> _Extracted records_

* * * * * * * * *

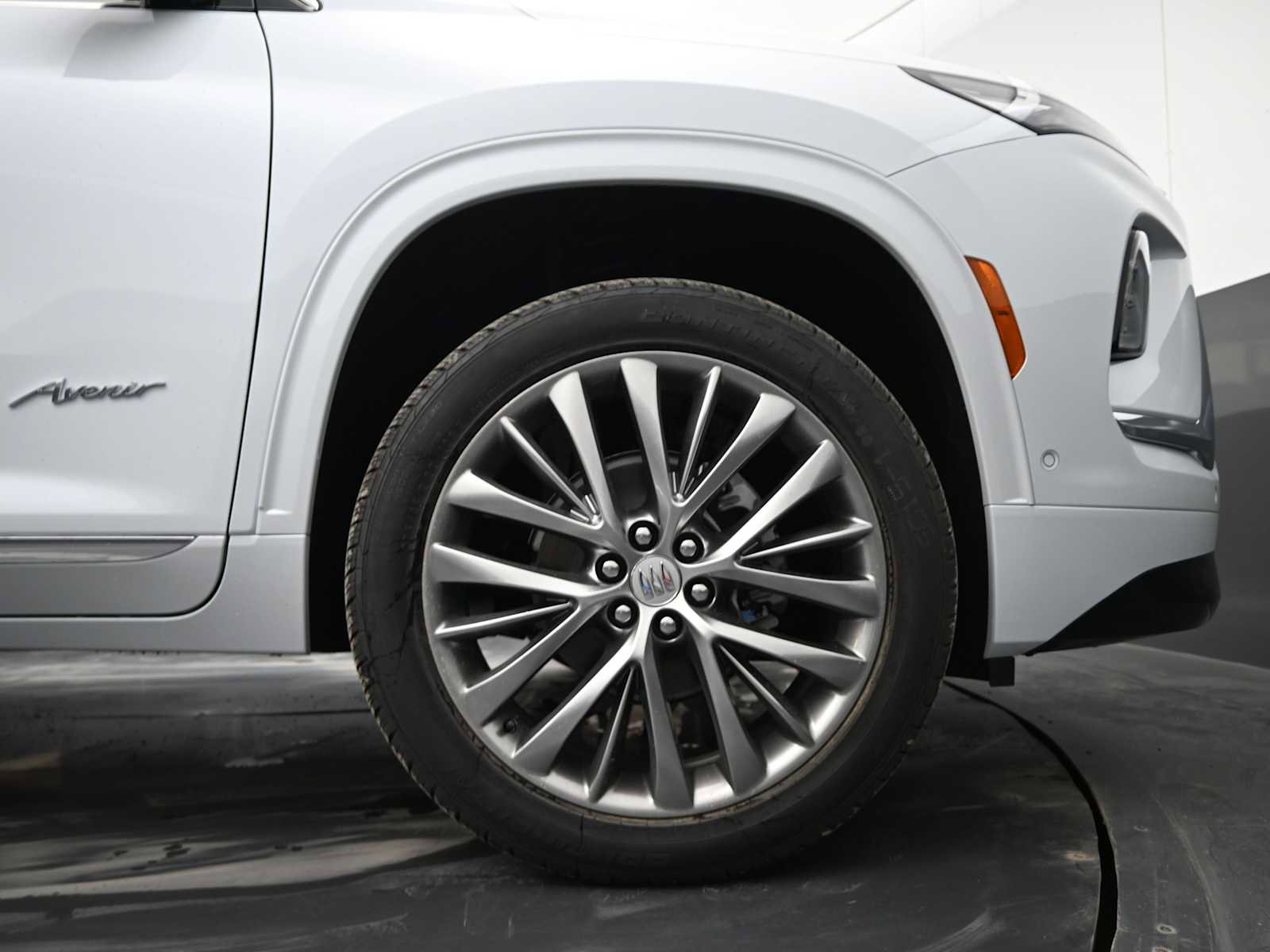 New 2026 Buick Enclave Avenir w/ Super Cruise Package image 10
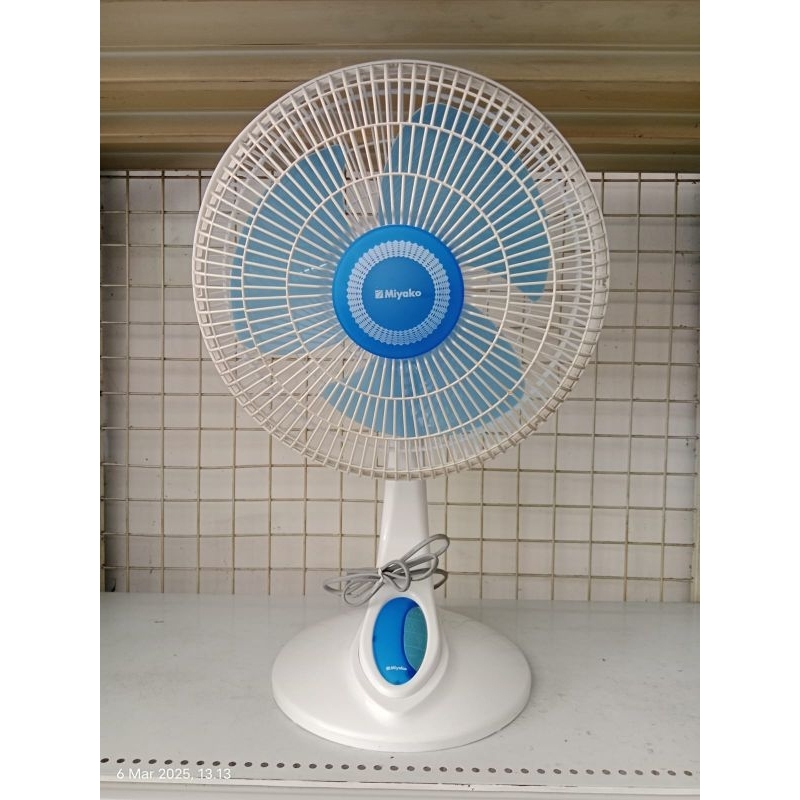 Kipas angin MIYAKO KAD-1227 PL / Desk Fan MIYAKO KAD 1227 PL / Kipas Angin meja MIYAKO KAD 1227 PL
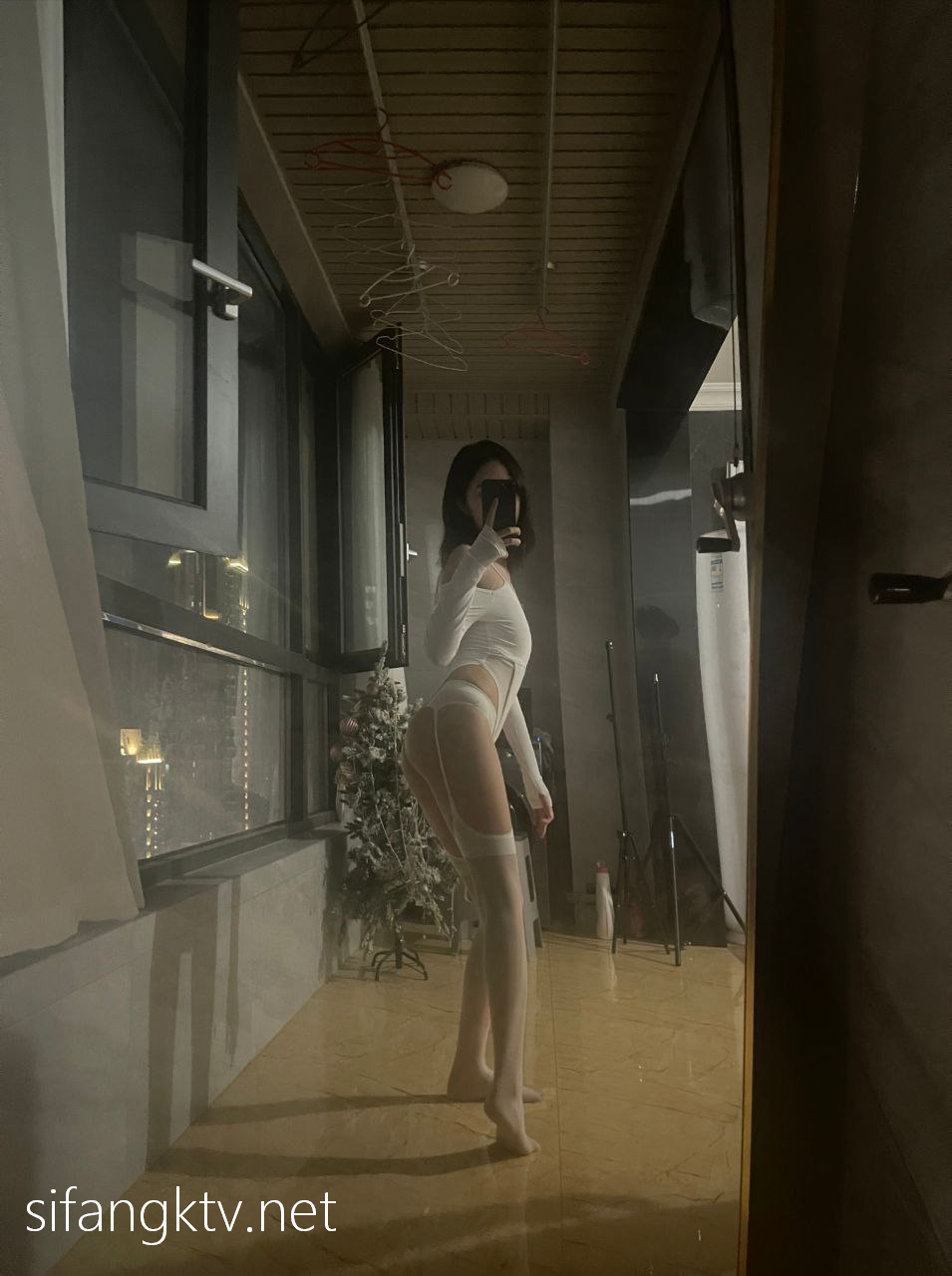 279288-dc61866c4ad5.jpg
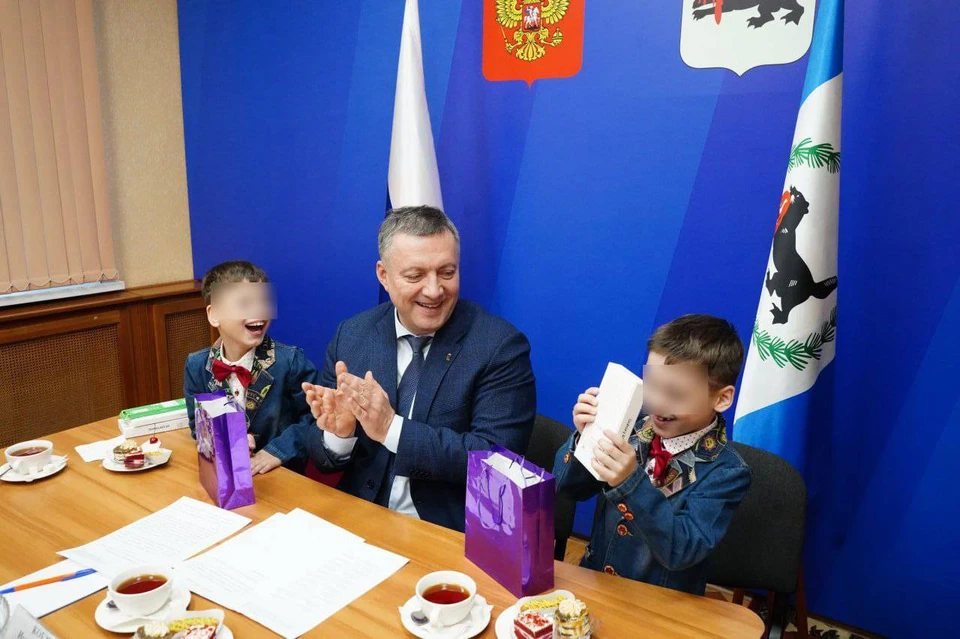Вице-премьер России Виктория Абрамченко исполнила мечту братьев-близнецов из Иркутска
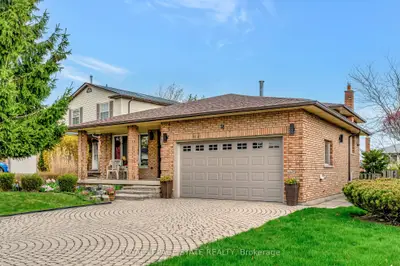 Detached in Hamilton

* * * * * * * * *

> _To do_
An exact copy of the entries above is required; pictures are not part of it.

> _Response below_
 New 2026 Buick Enclave Avenir w/ Super Cruise Package image 10
 Kipas angin MIYAKO KAD-1227 PL / Desk Fan MIYAKO KAD 1227 PL / Kipas Angin meja MIYAKO KAD 1227 PL
 279288-dc61866c4ad5.jpg
Вице-премьер России Виктория Абрамченко исполнила мечту братьев-близнецов из Иркутска
 Detached in Hamilton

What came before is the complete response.